TVA staff reported that TVA's tax equivalent payments to state and local governments reached $550 million in fiscal year 2010, a 9 percent increase from 2009. Under the TVA Act, which established the federal utility in 1933, TVA makes payments to eight states and 144 local governments where it owns facilities. The payments compensate state and local governments that cannot levy property taxes on federal entities. Tax equivalent payments have been part of TVA's operations and corporate citizenship since its early years.
Discussing TVA's renewed vision to be one of the nation's leading producers of cleaner low-cost electricity by 2020, Kilgore remarked that the Browns Ferry plant will play a key role in TVA's future because nuclear power produces no air emissions, including carbon. TVA plans to pursue its vision by focusing on more nuclear power and energy efficiency in the future.
"Browns Ferry is TVA's first and largest nuclear plant," Kilgore said, pointing out that the plant's Unit 1 reactor recently completed 586 days of continuous generation. The plant's Unit 3 reactor ran for 669 continuous days in 2002, one of the longest runs in industry history that produced 18 million megawatt-hours of electricity, a world record at the time.
The hot summer weather had an impact on Browns Ferry when rising river temperatures forced TVA to cut back the plant's output to prevent warm water produced by reactor cooling systems from entering the Tennessee River and potentially harming fish.

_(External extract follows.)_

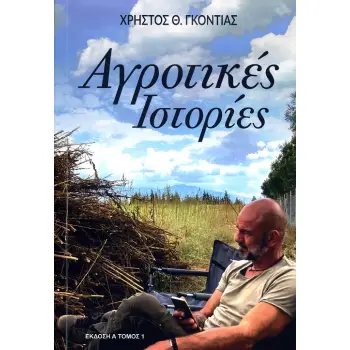 ΑΓΡΟΤΙΚΕΣ ΙΣΤΟΡΙΕΣ
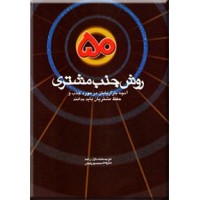 50 روش جذب مشتری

To address high river temperatures in the future, the TVA board approved funding to build additional cooling towers at the plant.
Kilgore also reaffirmed TVA's commitment to reducing peak power use across the seven-state region served by the utility. He said TVA had surpassed its 2010 goal to reduce the need for peak power by 102 megawatts through energy efficiency and demand management programs. Fiscal year 2010's incremental reduction of 114 megawatts means TVA has cumulatively reduced peak power demand by 317 megawatts during the past three years - about one-third to one-half of a new power plant.
Peak power times usually occur on hot summer afternoons and cold winter mornings when people use more electricity, forcing utilities to switch on higher-cost generation plants to meet the additional demand. Reducing peak demand, therefore, lowers costs for utilities and, ultimately, for consumers.
The board also reviewed fiscal 2011 executive compensation and incentive pay plans, which are based on achieving business goals that help make TVA operations more efficient and hold down costs.
The Tennessee Valley Authority, a corporation owned by the U.S. government, provides electricity for utility and business customers in most of Tennessee and parts of Alabama, Mississippi, Kentucky, Georgia, North Carolina and Virginia – an area of 80,000 square miles with a population of 9 million. TVA operates 29 hydroelectric dams, 11 coal-fired power plants, three nuclear plants and 11 natural gas-fired power facilities and supplies up to 33,700 megawatts of electricity, delivered over 16,000 miles of high-voltage power lines. TVA also provides flood control, navigation, land management and recreation for the Tennessee River system and works with local utilities and state and local governments to promote economic development across the region. TVA, which makes no profits and receives no taxpayer money, is funded by sales of electricity to its customers. Electricity prices in TVA's service territory are below the national average.